* **DATA FOR THIS EXERCISE**:
-----
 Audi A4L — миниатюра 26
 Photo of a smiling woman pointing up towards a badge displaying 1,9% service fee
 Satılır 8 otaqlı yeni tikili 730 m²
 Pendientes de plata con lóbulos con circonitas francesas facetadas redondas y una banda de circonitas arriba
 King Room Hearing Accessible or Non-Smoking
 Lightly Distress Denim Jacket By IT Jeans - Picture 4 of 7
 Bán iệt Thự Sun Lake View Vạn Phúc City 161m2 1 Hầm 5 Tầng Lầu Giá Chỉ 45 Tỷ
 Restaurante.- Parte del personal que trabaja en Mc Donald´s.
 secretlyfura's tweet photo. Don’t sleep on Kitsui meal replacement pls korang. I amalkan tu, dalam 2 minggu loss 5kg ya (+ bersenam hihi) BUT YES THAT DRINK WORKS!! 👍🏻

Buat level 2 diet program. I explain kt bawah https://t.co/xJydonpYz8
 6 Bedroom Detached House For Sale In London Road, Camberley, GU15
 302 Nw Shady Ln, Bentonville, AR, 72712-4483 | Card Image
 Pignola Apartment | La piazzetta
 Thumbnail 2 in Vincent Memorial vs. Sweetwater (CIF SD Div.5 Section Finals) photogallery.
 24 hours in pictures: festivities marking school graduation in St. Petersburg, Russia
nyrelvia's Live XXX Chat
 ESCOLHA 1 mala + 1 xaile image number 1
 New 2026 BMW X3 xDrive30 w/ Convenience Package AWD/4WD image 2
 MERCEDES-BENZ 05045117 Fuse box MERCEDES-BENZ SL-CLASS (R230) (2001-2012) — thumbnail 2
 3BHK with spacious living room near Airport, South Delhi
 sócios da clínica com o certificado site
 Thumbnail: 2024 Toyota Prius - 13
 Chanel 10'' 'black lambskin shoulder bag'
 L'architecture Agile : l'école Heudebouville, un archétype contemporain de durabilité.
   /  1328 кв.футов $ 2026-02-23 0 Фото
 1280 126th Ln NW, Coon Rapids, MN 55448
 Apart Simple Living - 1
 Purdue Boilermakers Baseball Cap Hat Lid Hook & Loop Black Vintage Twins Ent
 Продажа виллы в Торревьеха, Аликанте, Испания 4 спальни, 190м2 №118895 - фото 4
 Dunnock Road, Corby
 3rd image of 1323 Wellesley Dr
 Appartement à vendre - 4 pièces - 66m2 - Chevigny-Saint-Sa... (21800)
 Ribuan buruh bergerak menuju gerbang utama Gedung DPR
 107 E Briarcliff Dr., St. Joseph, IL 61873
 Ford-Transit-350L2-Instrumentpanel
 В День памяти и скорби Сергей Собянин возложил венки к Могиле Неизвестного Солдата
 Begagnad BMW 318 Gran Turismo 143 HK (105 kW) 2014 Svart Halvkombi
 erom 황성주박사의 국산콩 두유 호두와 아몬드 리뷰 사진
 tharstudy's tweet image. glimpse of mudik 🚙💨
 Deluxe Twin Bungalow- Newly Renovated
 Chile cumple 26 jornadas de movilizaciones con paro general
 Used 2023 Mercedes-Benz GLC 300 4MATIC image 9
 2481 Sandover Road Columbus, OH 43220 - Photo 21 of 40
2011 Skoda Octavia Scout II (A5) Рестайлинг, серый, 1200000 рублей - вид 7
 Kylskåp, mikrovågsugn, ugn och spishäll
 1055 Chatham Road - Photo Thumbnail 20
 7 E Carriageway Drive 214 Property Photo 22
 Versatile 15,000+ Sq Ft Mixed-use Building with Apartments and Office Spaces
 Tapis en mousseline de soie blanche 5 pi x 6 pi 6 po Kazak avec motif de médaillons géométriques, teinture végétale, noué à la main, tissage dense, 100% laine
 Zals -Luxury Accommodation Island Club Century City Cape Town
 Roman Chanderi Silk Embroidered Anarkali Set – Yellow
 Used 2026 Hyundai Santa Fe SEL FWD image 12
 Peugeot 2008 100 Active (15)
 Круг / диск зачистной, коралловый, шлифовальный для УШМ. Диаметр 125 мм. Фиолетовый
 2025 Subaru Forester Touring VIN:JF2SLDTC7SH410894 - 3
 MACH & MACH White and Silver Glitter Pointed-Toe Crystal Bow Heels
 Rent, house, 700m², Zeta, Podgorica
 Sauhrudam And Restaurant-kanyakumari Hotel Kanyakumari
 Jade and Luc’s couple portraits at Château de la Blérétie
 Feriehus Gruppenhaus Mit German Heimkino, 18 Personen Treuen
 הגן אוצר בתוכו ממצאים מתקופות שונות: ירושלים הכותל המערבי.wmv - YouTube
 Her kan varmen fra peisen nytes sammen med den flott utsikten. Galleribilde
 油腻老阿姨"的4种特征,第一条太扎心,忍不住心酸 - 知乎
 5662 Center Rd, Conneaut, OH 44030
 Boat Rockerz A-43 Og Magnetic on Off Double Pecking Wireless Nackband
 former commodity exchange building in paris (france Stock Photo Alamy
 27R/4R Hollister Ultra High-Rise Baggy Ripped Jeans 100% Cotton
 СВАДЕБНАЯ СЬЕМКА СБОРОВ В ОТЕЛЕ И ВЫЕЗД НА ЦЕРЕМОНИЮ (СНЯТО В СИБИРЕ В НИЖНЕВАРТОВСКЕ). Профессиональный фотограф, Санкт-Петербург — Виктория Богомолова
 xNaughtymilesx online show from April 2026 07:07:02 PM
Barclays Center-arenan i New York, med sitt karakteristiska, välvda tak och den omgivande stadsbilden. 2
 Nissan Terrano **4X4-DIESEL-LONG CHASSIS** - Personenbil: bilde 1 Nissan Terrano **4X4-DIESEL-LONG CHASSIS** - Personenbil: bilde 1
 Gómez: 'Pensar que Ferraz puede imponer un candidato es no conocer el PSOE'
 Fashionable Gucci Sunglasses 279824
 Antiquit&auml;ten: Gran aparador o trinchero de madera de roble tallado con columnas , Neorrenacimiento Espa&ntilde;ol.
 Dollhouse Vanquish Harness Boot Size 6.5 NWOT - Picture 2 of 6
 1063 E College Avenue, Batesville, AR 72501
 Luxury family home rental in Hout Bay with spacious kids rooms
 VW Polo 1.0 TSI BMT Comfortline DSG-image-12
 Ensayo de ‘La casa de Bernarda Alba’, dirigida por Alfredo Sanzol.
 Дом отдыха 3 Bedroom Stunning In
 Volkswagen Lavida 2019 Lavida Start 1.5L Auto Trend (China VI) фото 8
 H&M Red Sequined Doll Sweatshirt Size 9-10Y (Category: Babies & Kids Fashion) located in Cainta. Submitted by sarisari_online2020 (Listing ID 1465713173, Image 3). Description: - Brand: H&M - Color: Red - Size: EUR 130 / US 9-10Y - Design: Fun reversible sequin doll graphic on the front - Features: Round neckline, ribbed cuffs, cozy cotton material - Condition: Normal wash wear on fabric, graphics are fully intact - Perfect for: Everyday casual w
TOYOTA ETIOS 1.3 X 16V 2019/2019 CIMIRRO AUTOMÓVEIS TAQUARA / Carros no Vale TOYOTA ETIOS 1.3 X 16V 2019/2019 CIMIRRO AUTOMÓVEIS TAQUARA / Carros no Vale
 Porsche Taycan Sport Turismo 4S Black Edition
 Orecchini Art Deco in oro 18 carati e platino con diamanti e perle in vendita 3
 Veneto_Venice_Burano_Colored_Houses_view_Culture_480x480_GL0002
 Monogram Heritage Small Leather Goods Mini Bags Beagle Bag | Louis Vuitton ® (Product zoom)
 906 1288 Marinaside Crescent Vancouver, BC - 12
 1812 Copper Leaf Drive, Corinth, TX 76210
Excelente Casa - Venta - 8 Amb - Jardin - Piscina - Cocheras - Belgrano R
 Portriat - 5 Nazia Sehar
-----
* **WORK TO COMPLETE**:
In the records above, find the line with "nyrelvia's Live XXX Chat"; write out exactly that line and each one after it, stopping after the line with "MERCEDES-BENZ 05045117 Fuse".

* **SOLVED PROBLEM**:
nyrelvia's Live XXX Chat
 ESCOLHA 1 mala + 1 xaile image number 1
 New 2026 BMW X3 xDrive30 w/ Convenience Package AWD/4WD image 2
 MERCEDES-BENZ 05045117 Fuse box MERCEDES-BENZ SL-CLASS (R230) (2001-2012) — thumbnail 2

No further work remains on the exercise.